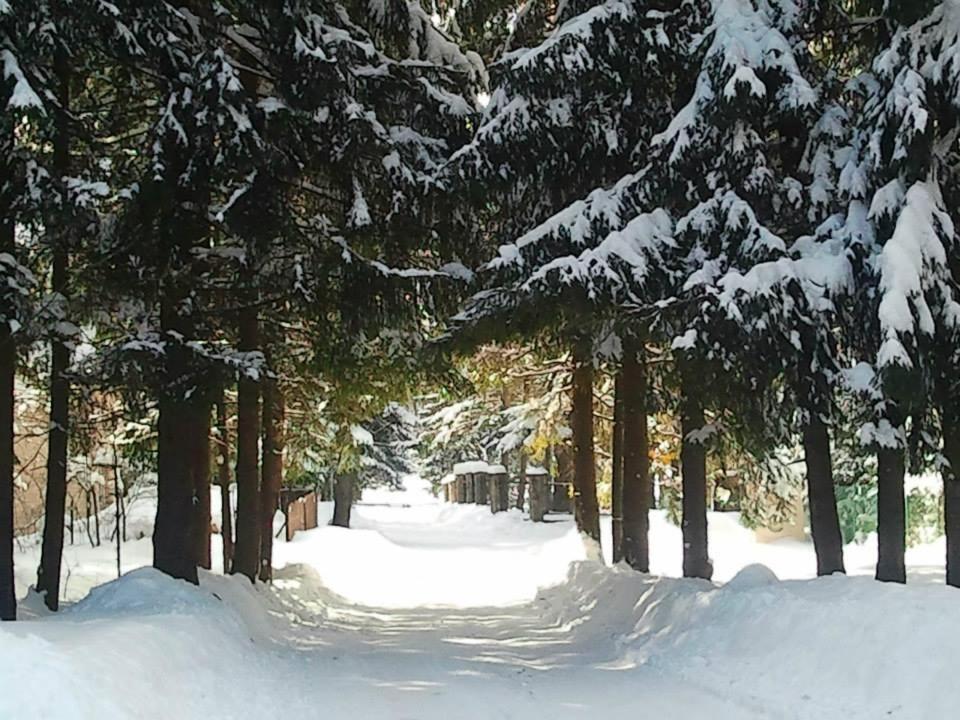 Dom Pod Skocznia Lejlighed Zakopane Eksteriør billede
* * * * * * *
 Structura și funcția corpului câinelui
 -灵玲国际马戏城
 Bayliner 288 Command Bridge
* * * * * * *
TASK BRIEF
Copy the lines above exactly, beginning at the line that has "Structura și funcția corpului câinelui" and stopping after the line that has "Bayliner 288 Command Bridge", and omit the rest.

SOLUTION TO THE PROBLEM
 Structura și funcția corpului câinelui
 -灵玲国际马戏城
 Bayliner 288 Command Bridge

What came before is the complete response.